(Stored items)
★ ★ ★ ★ ★ ★ ★
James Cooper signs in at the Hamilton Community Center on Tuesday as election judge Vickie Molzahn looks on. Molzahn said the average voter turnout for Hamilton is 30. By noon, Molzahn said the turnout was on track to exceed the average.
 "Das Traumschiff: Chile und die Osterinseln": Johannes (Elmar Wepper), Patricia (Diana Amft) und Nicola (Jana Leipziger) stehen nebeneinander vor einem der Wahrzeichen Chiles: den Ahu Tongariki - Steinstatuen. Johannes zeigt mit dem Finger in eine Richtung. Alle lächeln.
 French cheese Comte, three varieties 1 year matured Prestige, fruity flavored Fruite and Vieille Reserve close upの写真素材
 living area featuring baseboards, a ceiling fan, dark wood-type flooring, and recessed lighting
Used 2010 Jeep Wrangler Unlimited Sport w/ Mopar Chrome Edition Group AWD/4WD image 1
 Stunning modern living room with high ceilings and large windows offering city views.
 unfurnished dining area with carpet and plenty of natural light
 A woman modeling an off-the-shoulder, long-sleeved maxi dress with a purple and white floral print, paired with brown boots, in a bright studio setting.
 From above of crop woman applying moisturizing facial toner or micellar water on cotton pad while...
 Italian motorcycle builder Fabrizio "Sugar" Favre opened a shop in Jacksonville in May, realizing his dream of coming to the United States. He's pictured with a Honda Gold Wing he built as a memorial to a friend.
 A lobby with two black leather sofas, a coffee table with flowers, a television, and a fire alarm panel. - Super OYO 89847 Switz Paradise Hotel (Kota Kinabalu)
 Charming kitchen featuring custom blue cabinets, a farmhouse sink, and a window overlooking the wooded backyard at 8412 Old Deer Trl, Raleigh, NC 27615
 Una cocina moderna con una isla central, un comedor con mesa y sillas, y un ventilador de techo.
★ ★ ★ ★ ★ ★ ★
→ **What to work on**
Once you have read the data, copy all of it out exactly.

→ **Answer for the task**
James Cooper signs in at the Hamilton Community Center on Tuesday as election judge Vickie Molzahn looks on. Molzahn said the average voter turnout for Hamilton is 30. By noon, Molzahn said the turnout was on track to exceed the average.
 "Das Traumschiff: Chile und die Osterinseln": Johannes (Elmar Wepper), Patricia (Diana Amft) und Nicola (Jana Leipziger) stehen nebeneinander vor einem der Wahrzeichen Chiles: den Ahu Tongariki - Steinstatuen. Johannes zeigt mit dem Finger in eine Richtung. Alle lächeln.
 French cheese Comte, three varieties 1 year matured Prestige, fruity flavored Fruite and Vieille Reserve close upの写真素材
 living area featuring baseboards, a ceiling fan, dark wood-type flooring, and recessed lighting
Used 2010 Jeep Wrangler Unlimited Sport w/ Mopar Chrome Edition Group AWD/4WD image 1
 Stunning modern living room with high ceilings and large windows offering city views.
 unfurnished dining area with carpet and plenty of natural light
 A woman modeling an off-the-shoulder, long-sleeved maxi dress with a purple and white floral print, paired with brown boots, in a bright studio setting.
 From above of crop woman applying moisturizing facial toner or micellar water on cotton pad while...
 Italian motorcycle builder Fabrizio "Sugar" Favre opened a shop in Jacksonville in May, realizing his dream of coming to the United States. He's pictured with a Honda Gold Wing he built as a memorial to a friend.
 A lobby with two black leather sofas, a coffee table with flowers, a television, and a fire alarm panel. - Super OYO 89847 Switz Paradise Hotel (Kota Kinabalu)
 Charming kitchen featuring custom blue cabinets, a farmhouse sink, and a window overlooking the wooded backyard at 8412 Old Deer Trl, Raleigh, NC 27615
 Una cocina moderna con una isla central, un comedor con mesa y sillas, y un ventilador de techo.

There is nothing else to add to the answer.